Consider the Boolean function *NAND*.

The truth table for NAND is as follows:

| NAND | 0 | 1 |
|-----|---|---| 
| **0**   | 1 | 1 |
| **1**   | 1 | 0 |

Why is this function computable with a single neuron?

*Answer:* It is linearly separable, i.e., the samples of the single classes are separable by a linear function (here: a strait line).

How would this single neuron need to be configured (inputs, weights)? 

*Answer:* The two inputs will be weighted negatively, the bias positively. It is important that the effect of the bias makes the input sum greater 0 if and only if at most one of the two inputs is 1, i.e., if the input weight contributes to the sum.

Implement the computation in Python and test your solution.

In [None]:
def threshold(x):
    if x < 0:
        return 0
    else:
        return 1

In [None]:
x1 = 1
x2 = 1

w03 = 1.5
w13 = -1
w23 = -1

y = threshold(w03 + x1*w13 + x2*w23)
print('{} NAND {} -> {}'.format(x1, x2, y))

### Multi-layered neural networks

#### Synthetic Data

Consider the following (synthecital) data set with two features and two classes:

In [None]:
from sklearn import datasets

data = datasets.make_circles(
    n_samples = 10000,
    noise = 0.1,
    factor = 0.5 )

Make yourself familiar with this data set by creating a scatter plot.

In [None]:
import matplotlib.pyplot as plt
%matplotlib inline

In [None]:
X, t = data
plt.scatter(X[:,0], X[:,1], c=t, s=1)
plt.show()

Define a multi-layered neural network using *PyTorch* and implement a training routine.

In [None]:
import torch
from torch.utils.data import TensorDataset, DataLoader

In [None]:
dataset = TensorDataset(torch.from_numpy(X), torch.from_numpy(t))
data_loader = DataLoader(dataset=dataset, batch_size=5, shuffle=True)

In [None]:
import torch.nn as nn
from torch.nn import functional as F
import torch.optim as optim

In [None]:
class MLP( nn.Module ):
    def __init__( self ):
        super( MLP, self ).__init__()
        self.fc1 = nn.Linear( 2, 10 )
        self.fc3 = nn.Linear( 10, 1 )
        
    def forward( self, x ):
        x = torch.sigmoid( self.fc1( x ) )
        x = torch.sigmoid( self.fc3( x ) )
        return x

In [None]:
model = MLP()

In [None]:
num_epochs = 20

In [None]:
loss_fn = nn.BCELoss()

In [None]:
optimizer = optim.Adam(model.parameters(), lr=0.01)

In [None]:
from IPython import display
from statistics import mean
loss_history = []
loss_ep = []
plt.figure(figsize = (12,8));

In [None]:
for epoch in range(num_epochs):
    for batch in data_loader :
        optimizer.zero_grad()
        input, target = batch
        output = model(input.float())
        loss = loss_fn(output, torch.unsqueeze(target.float(), 1))
        loss.backward()
        optimizer.step()
        loss_ep.append(loss.item())
    
    ## Zu Visualisierungszwecken:
    loss_history.append(mean(loss_ep))
    loss_ep = []
    display.clear_output(wait=True)
    plt.plot(loss_history)
    #dataview.plot_decision_boundary2d(model, X, t, showData=False)
    display.display(plt.gcf())
    display.display(print("Epoch {:2}, loss: {}".format(epoch, loss_history[-1])))
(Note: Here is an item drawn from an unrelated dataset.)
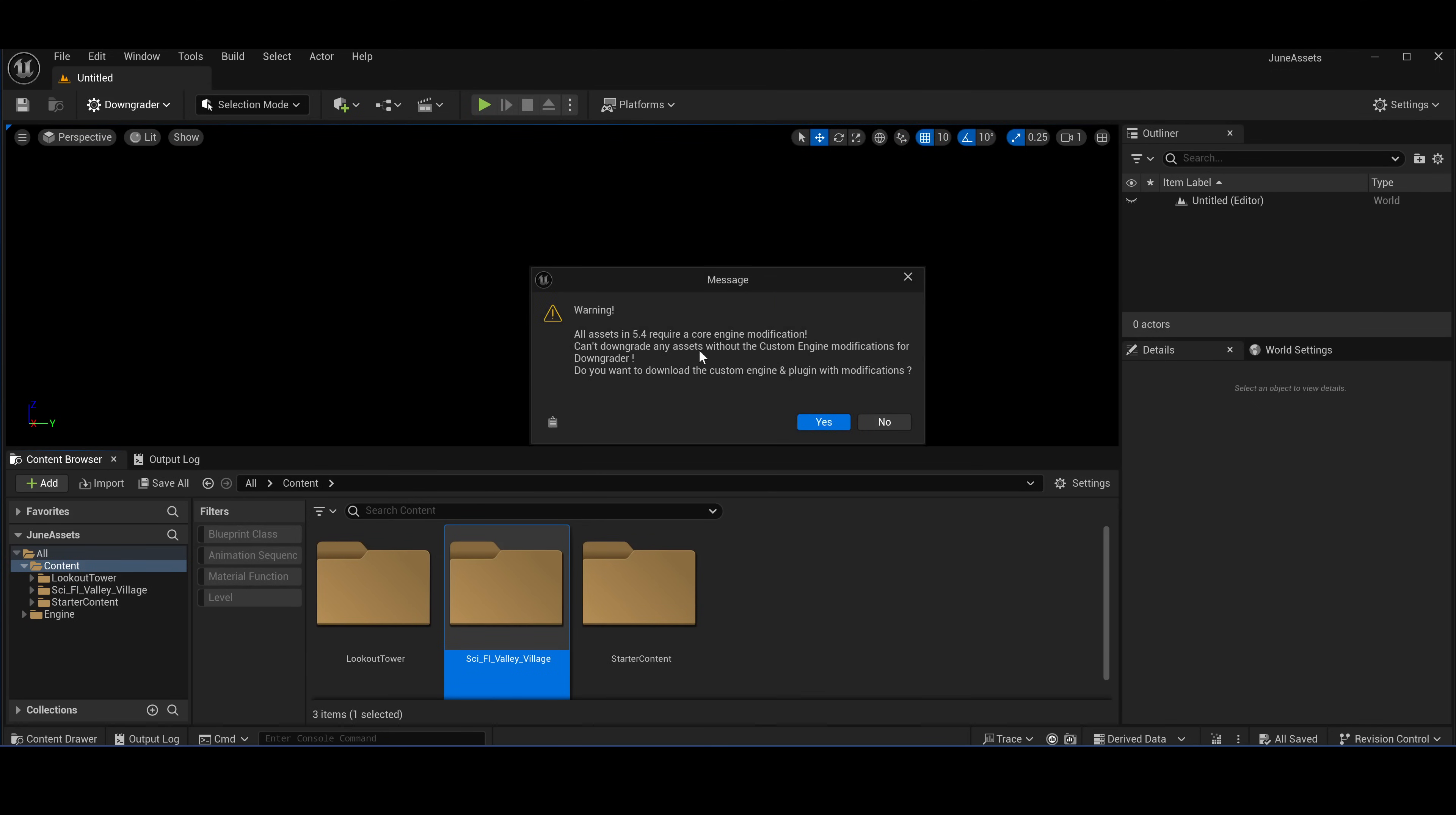Whoops. Okay, so basically that flow would work if you were to use Unreal 5.3, but for 5.4 it requires custom engine modifications. So in order to be able to downgrade assets from Unreal 5.4, you will need to download a custom Unreal Engine build.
Ensure that the module ``dataview`` is in the current directory (or in ``sys.path``). Use the function ``dataview.plot_decision_boundary2d(model, X, y)`` in order to visualize the *decision boundary*.

In [None]:
import dataview

In [None]:
dataview.plot_decision_boundary2d(model, X, t, showData=False)

Experiment with the so-called *hyperparameters*: Change the number of and width of the layers, change the number of epochs and the *batch size*. Have a look at the *PyTorch* API documentation and experiment with different activation functions and optimizers.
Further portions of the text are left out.